The Military Coalition, which represents 33 veterans and service member groups like the American Legion, called on lawmakers to come up with a budget solution. Speakers said that without a defense appropriations bill, current military operations are at risk, veterans face losing benefits, active-duty personnel going overseas are not getting housing allowances, and training for deployments and for the reserves have been canceled.
“They are being overlooked,” said retired Maj. Gen. Andrew Davis, executive director of the Reserve Officers Association of the U.S., making reservists “feel like second-class warriors. This federal government shutdown proves to them that they are actually right.”

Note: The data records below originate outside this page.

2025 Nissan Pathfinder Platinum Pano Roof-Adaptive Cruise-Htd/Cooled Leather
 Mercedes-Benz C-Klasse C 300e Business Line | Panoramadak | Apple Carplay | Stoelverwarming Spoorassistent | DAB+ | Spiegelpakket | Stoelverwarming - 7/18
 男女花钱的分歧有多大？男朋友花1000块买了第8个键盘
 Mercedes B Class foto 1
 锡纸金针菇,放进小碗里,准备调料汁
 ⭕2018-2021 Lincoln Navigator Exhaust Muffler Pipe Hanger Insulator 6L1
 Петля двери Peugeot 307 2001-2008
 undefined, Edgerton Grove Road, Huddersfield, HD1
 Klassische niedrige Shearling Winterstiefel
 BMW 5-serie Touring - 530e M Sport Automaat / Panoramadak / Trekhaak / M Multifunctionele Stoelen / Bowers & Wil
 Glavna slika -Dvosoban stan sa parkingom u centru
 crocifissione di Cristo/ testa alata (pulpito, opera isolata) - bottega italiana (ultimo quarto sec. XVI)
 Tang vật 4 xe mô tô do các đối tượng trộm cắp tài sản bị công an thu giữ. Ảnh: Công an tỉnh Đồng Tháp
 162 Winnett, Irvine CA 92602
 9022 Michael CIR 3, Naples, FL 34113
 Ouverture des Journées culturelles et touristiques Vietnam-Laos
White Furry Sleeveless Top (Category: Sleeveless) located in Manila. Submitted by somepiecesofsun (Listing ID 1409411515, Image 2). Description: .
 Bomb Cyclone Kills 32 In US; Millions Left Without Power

Davis said the cancellation of weekend training for reserves hits soldiers’ pocketbooks. They are “not able to make up lost training time and income, unlike furloughed workers,” Davis said.
“It’s time to end the government shutdown now,” he said.
Retired 1st Lt. William Garcia anticipates losing disability benefits next week if the shutdown continues. In addition, funding for his vocational rehabilitation has been cut, he said.
Garcia now works for the Internal Revenue Service and said he took a hit from sequester cuts, losing thousands from his paycheck. Now with the shutdown, he is furloughed.
“There is no money coming in,” Garcia said. The Disabled American Veterans and Veterans of Foreign Wars are helping, but, Garcia said, “it’s not enough. It’s not what was there before.”
Garcia was injured during training for a deployment to Iraq in 2006. He suffers from post-traumatic stress disorder.
“It just got better when I was getting work… and now they took it away from me and the stress is just enormous.”
Retired Spc. Matt McDonald worries that a gap in veteran benefits to those wounded in combat will “put a lot of people out.”
“It’s not that we’re just slackers living off the government,” McDonald said. “It was the last [place] I ever thought that I’d be… When I got 30 percent (of his pay as a disability benefit) when I came home, I felt guilty.”